▶ _SOURCE RECORDS_
————

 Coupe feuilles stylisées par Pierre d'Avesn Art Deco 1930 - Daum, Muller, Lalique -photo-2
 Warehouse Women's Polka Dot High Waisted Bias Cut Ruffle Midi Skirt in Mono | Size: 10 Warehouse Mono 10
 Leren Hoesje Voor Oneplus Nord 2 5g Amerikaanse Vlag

————

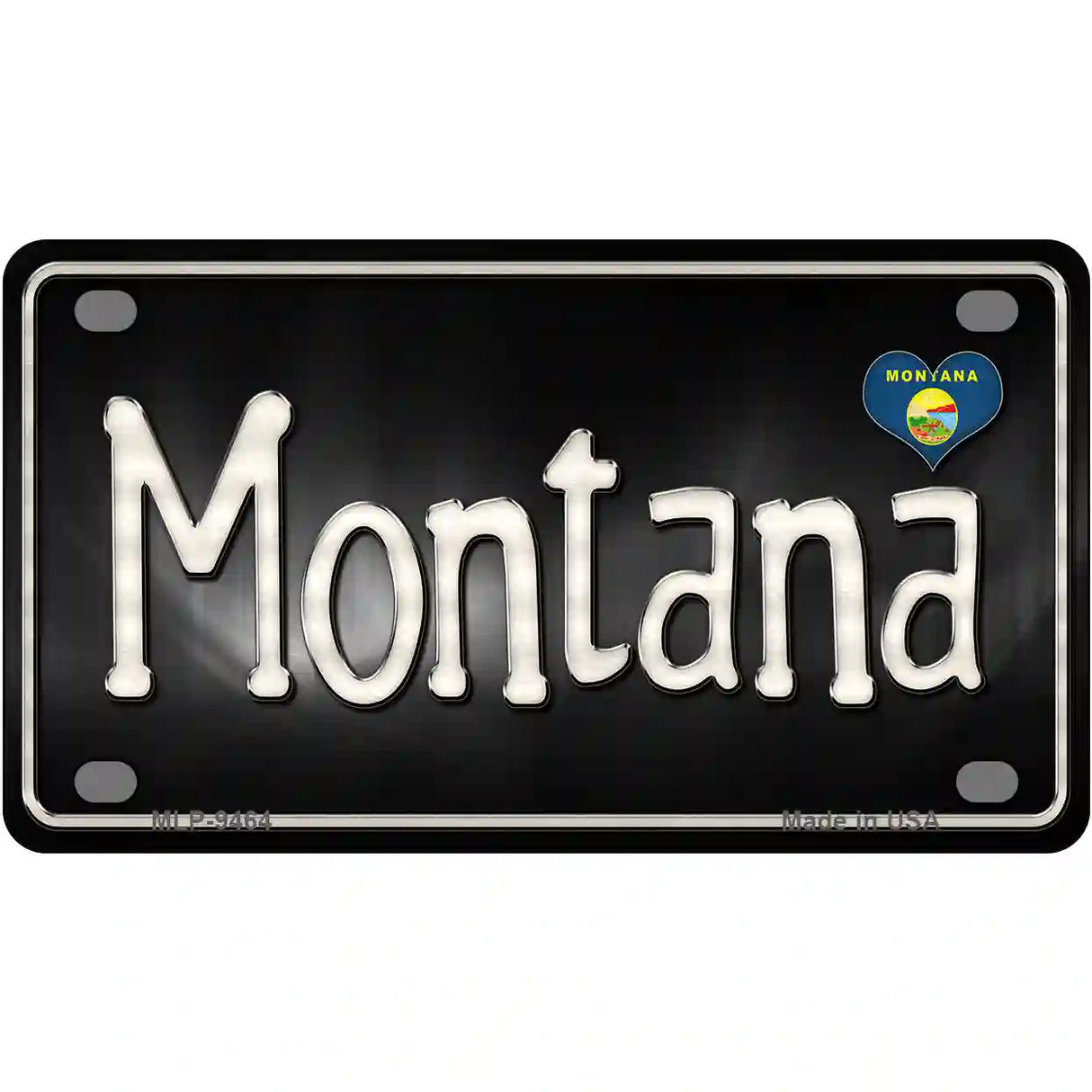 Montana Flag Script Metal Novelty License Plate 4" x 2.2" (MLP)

————

Your task for the entries above: copy exactly the span starting with the line with "Warehouse Women's Polka" and going on through the line with "Leren Hoesje Voor", both lines included, and nothing else.

 Warehouse Women's Polka Dot High Waisted Bias Cut Ruffle Midi Skirt in Mono | Size: 10 Warehouse Mono 10
 Leren Hoesje Voor Oneplus Nord 2 5g Amerikaanse Vlag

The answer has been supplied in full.